The six-year term of Mexico’s President Vicente Fox reached its halfway point Monday. During his three years in office, Fox has struggled to achieve his most significant goal – improved relations with the United States. Fox appears focused on achieving this at almost any cost.

The Mexican public was outraged in November when Fox foolishly fired Mexico’s representative to the United Nations to more closely align his country with the Bush administration. Fox’s domestic political demise demonstrates that Mexicans will not, and should not, stand for a leader who trades domestic principles for U.S. political approval.

President George W. Bush and Fox held promising meetings in 2001, but after Sept. 11, 2001, the U.S. administration quickly trampled burgeoning goodwill with new, more stringent immigration policies. Mexican-U.S. relations became even more strained when Mexican citizens opposed the war in Iraq by as much as 85 percent and Fox rightly stood by his people’s calls for peace. But since that public conflict ended, Fox has reached a new low as he attempts to heal old wounds and pander to U.S. administration interests.

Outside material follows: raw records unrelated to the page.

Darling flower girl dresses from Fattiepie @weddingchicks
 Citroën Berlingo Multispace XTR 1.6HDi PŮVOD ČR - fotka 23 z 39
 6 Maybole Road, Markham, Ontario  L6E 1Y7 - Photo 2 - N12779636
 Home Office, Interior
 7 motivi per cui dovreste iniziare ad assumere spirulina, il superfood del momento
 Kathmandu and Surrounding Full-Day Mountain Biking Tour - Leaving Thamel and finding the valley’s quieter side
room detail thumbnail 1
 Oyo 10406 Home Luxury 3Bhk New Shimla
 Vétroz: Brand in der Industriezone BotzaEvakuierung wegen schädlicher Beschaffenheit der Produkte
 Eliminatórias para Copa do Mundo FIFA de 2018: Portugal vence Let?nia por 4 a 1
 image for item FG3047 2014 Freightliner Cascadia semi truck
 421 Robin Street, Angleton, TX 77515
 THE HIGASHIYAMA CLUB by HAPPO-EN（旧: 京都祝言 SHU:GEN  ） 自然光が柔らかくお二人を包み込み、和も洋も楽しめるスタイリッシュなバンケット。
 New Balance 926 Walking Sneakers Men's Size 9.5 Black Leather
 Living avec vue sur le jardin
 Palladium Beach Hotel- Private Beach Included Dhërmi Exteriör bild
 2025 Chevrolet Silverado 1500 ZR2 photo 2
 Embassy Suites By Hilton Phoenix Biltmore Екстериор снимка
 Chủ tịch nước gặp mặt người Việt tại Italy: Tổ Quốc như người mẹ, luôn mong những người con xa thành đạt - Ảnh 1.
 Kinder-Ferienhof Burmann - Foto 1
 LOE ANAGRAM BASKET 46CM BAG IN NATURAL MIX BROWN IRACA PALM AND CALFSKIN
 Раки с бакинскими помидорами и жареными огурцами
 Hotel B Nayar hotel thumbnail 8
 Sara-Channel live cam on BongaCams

Fox’s approval rates plummeted after he fired the top representative to the United Nations, Adolfo Aguilar Zinser. He was a long-time friend to Fox and a career diplomat who had no idea he would be fired for saying in a speech that for many years the United States has treated Mexico as its “back yard.” After Colin Powell called the comment “outrageous,” Fox gave Zinser the opportunity to recant his statement or leave office.

We think the diplomat’s comments were an understatement and hardly express the United States’ discriminatory immigration, trade and environmental policies toward Mexico. For example, a recent Associated Press investigation found Bush’s more stringent immigration procedures have failed to detain even one suspected terrorist. Researchers found that deaths of immigrants, particularly women and infants, increased as security along the borders was strengthened.

Fox, a former Coca-Cola executive, held the promise of democratization and economic prosperity for Mexico. He clearly believed Bush’s approval was the best way to bring Mexico out of the shadows. Now it seems he will do almost anything for elusive U.S. support – even if it means ignoring the values and interests of his own citizens.